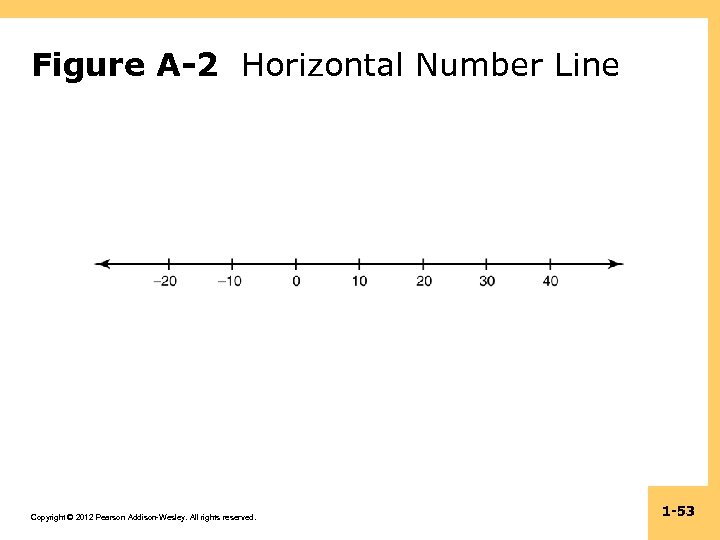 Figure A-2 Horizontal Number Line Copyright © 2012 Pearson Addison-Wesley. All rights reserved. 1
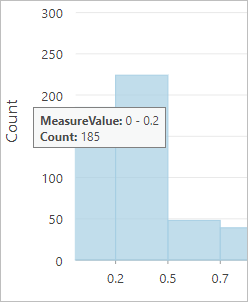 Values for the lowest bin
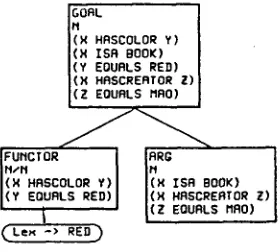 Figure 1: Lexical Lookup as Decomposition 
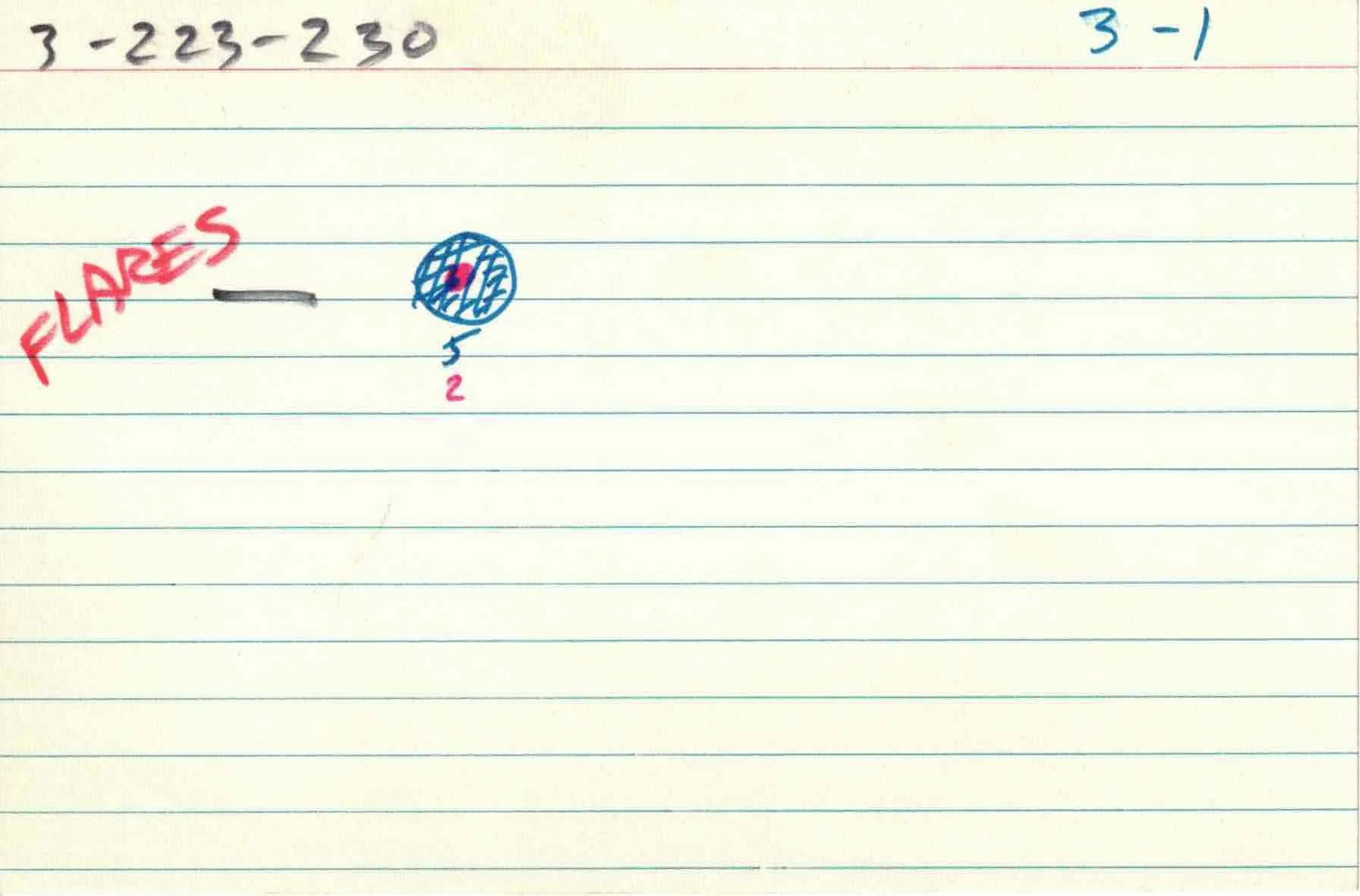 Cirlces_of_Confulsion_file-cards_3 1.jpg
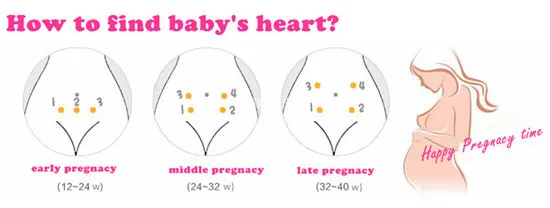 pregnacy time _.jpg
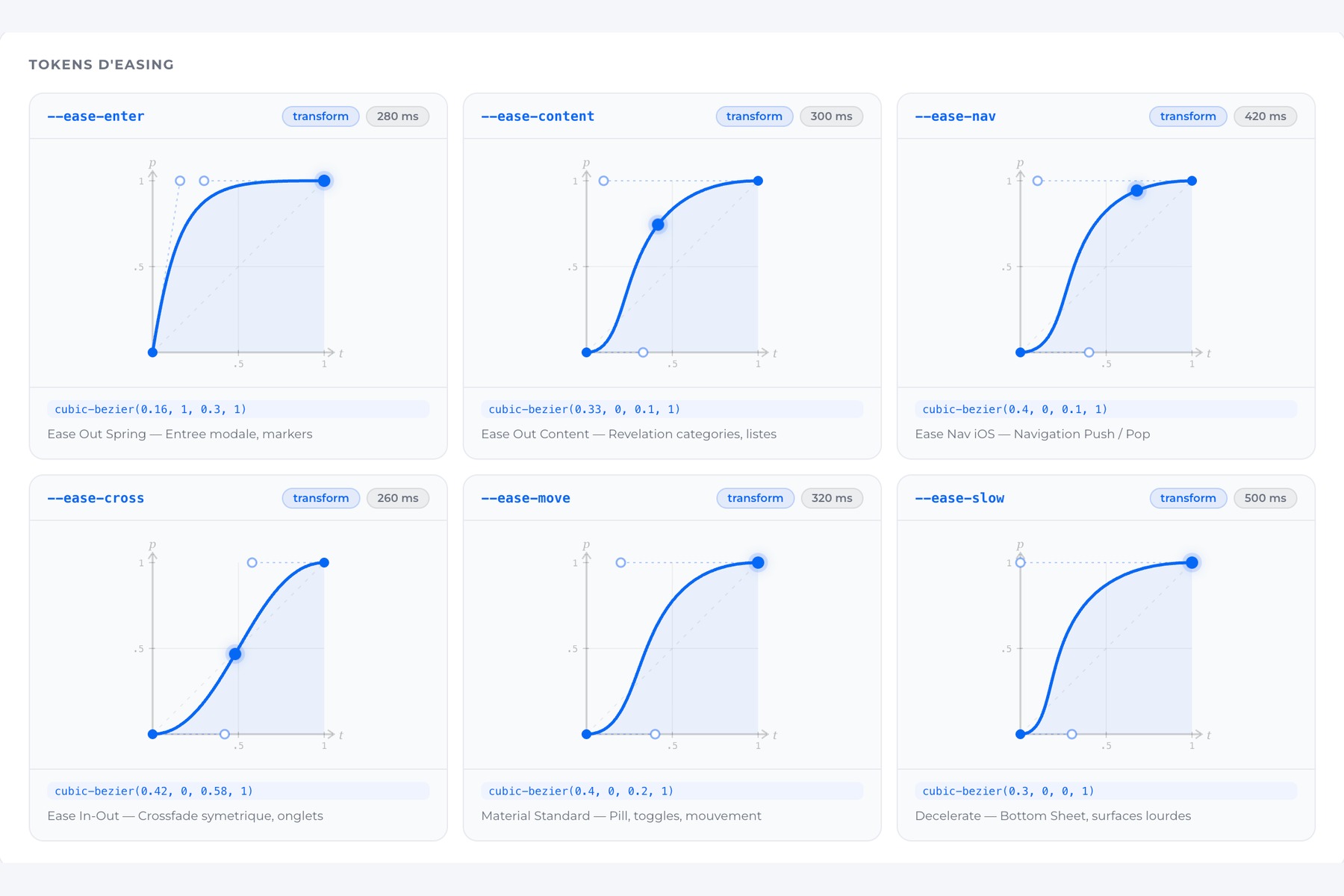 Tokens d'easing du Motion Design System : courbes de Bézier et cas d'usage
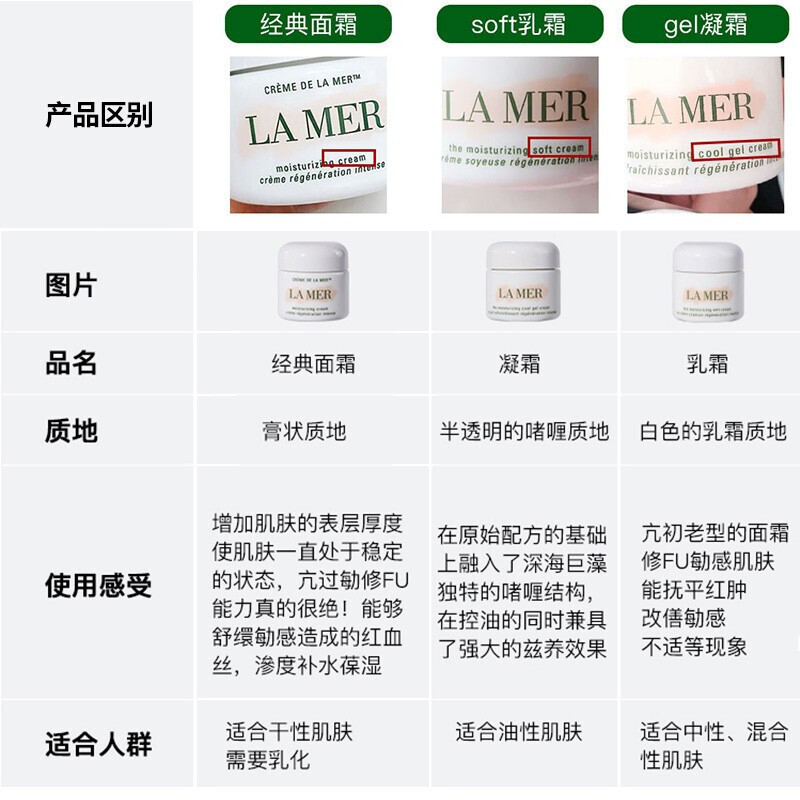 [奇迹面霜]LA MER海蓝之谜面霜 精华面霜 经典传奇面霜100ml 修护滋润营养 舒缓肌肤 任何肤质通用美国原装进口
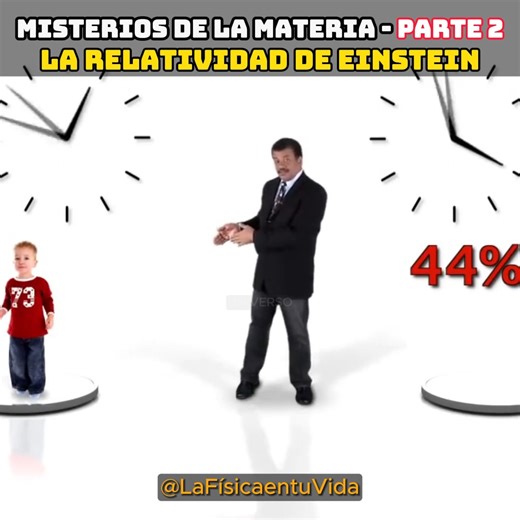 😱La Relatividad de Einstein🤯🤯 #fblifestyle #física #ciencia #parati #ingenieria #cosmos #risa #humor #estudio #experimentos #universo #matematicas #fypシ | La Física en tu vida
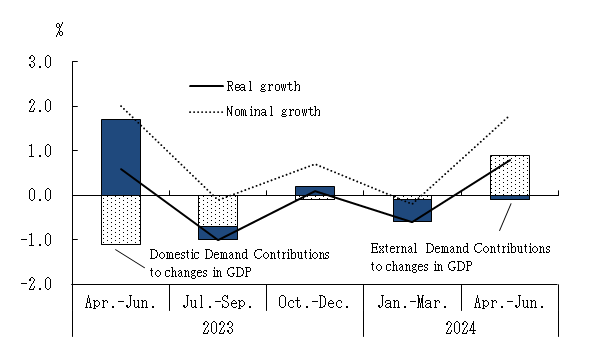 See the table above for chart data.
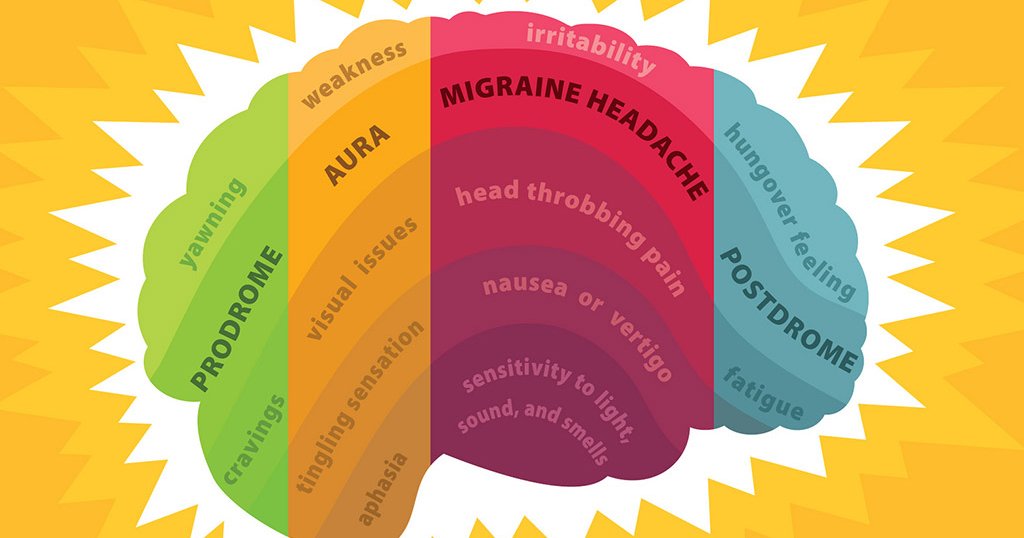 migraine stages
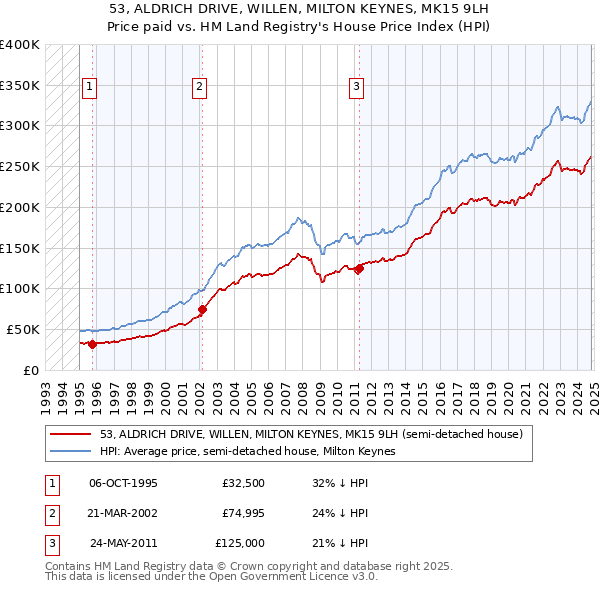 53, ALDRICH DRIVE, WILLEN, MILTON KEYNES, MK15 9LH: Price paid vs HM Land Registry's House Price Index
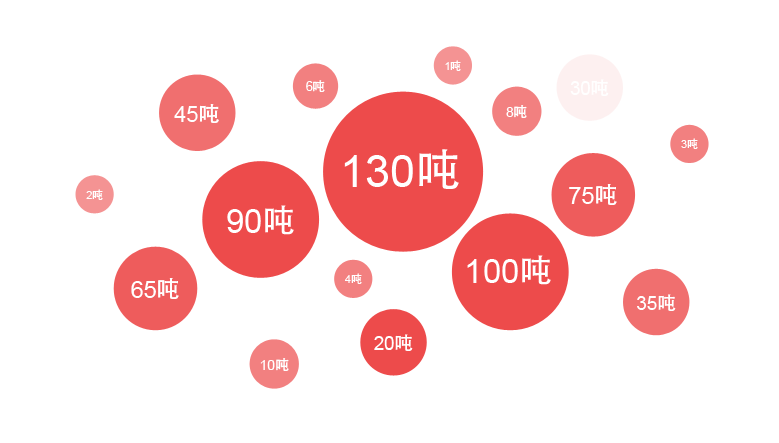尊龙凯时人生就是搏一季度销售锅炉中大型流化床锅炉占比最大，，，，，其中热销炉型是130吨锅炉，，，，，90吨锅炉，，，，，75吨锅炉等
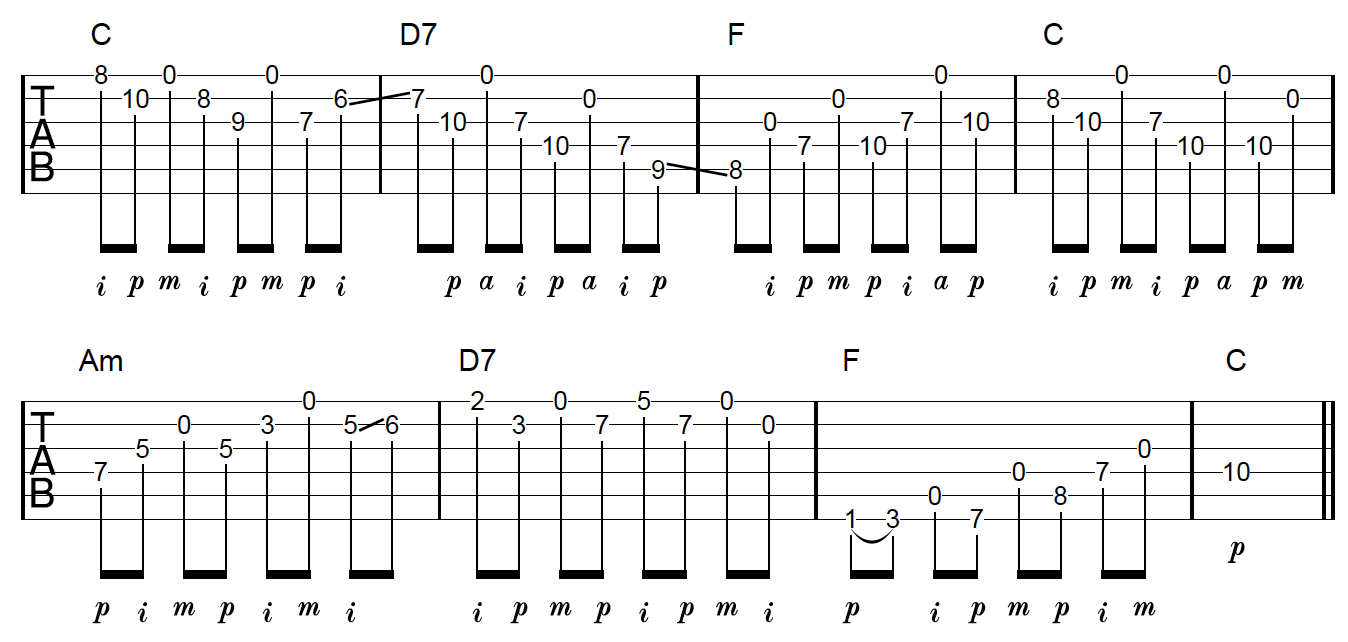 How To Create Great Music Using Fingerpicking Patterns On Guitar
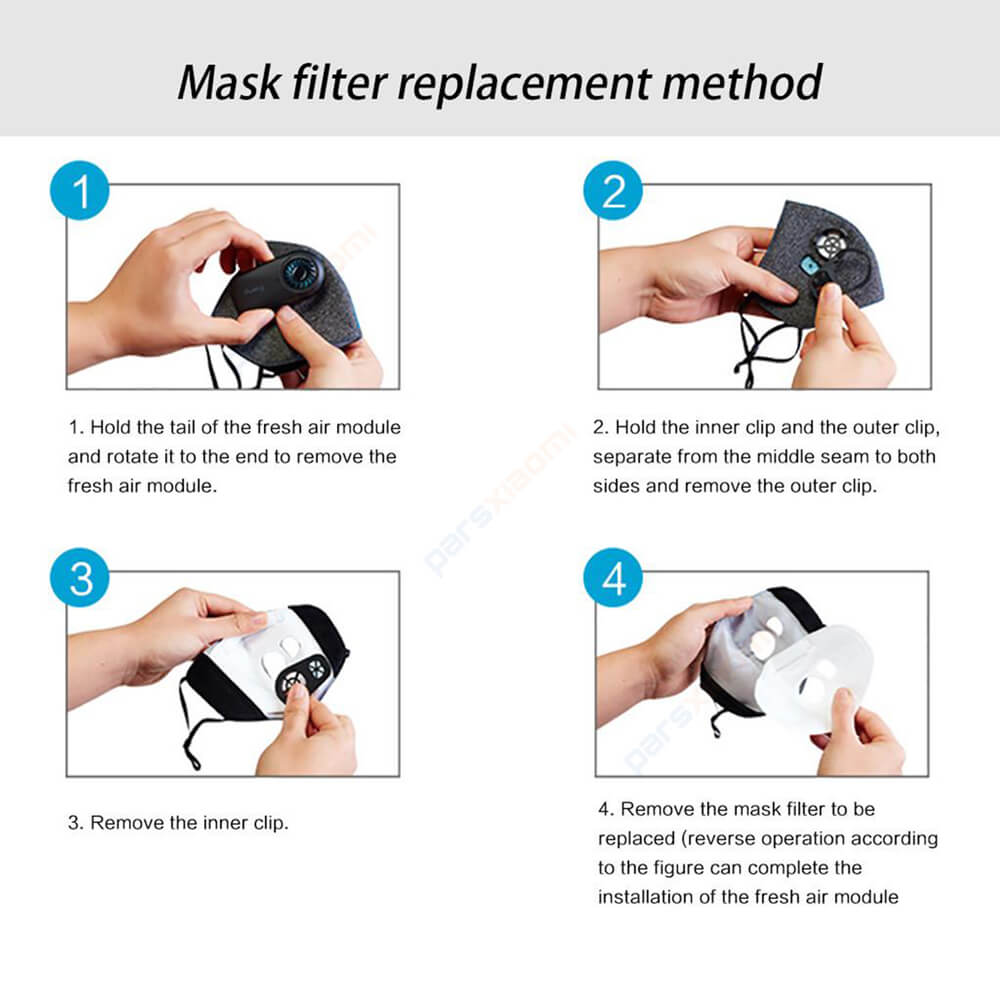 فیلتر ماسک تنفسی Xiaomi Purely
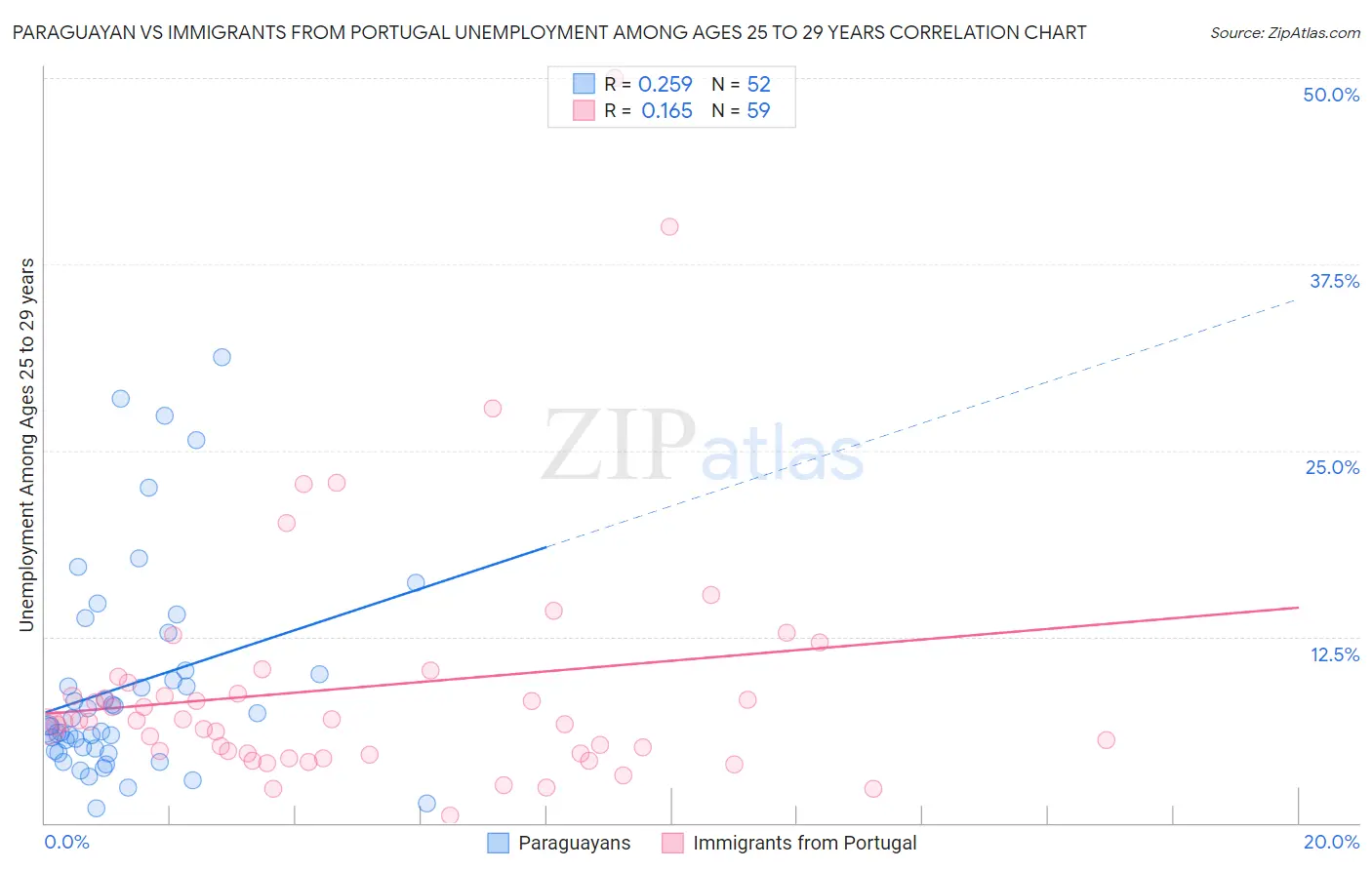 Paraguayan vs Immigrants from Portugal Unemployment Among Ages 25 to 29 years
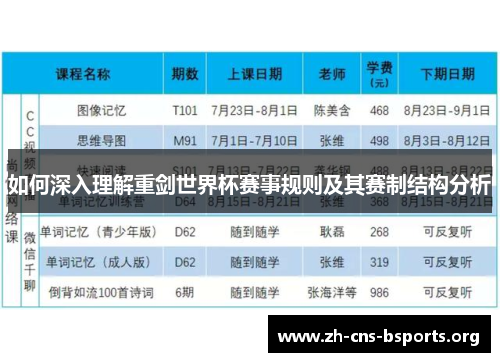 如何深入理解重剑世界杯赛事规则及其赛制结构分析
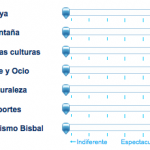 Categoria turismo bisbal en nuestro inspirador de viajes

YOUR INSTRUCTIONS – Please repeat the records above word for word, and do not include the pictures.

OUTPUT FOR THIS EXERCISE –
 Figure A-2 Horizontal Number Line Copyright © 2012 Pearson Addison-Wesley. All rights reserved. 1
 Values for the lowest bin
 Figure 1: Lexical Lookup as Decomposition 
 Cirlces_of_Confulsion_file-cards_3 1.jpg
 pregnacy time _.jpg
 Tokens d'easing du Motion Design System : courbes de Bézier et cas d'usage
 [奇迹面霜]LA MER海蓝之谜面霜 精华面霜 经典传奇面霜100ml 修护滋润营养 舒缓肌肤 任何肤质通用美国原装进口
 😱La Relatividad de Einstein🤯🤯 #fblifestyle #física #ciencia #parati #ingenieria #cosmos #risa #humor #estudio #experimentos #universo #matematicas #fypシ | La Física en tu vida
 See the table above for chart data.
 migraine stages
 53, ALDRICH DRIVE, WILLEN, MILTON KEYNES, MK15 9LH: Price paid vs HM Land Registry's House Price Index
尊龙凯时人生就是搏一季度销售锅炉中大型流化床锅炉占比最大，，，，，其中热销炉型是130吨锅炉，，，，，90吨锅炉，，，，，75吨锅炉等
 How To Create Great Music Using Fingerpicking Patterns On Guitar
 فیلتر ماسک تنفسی Xiaomi Purely
 Paraguayan vs Immigrants from Portugal Unemployment Among Ages 25 to 29 years
 如何深入理解重剑世界杯赛事规则及其赛制结构分析
 Categoria turismo bisbal en nuestro inspirador de viajes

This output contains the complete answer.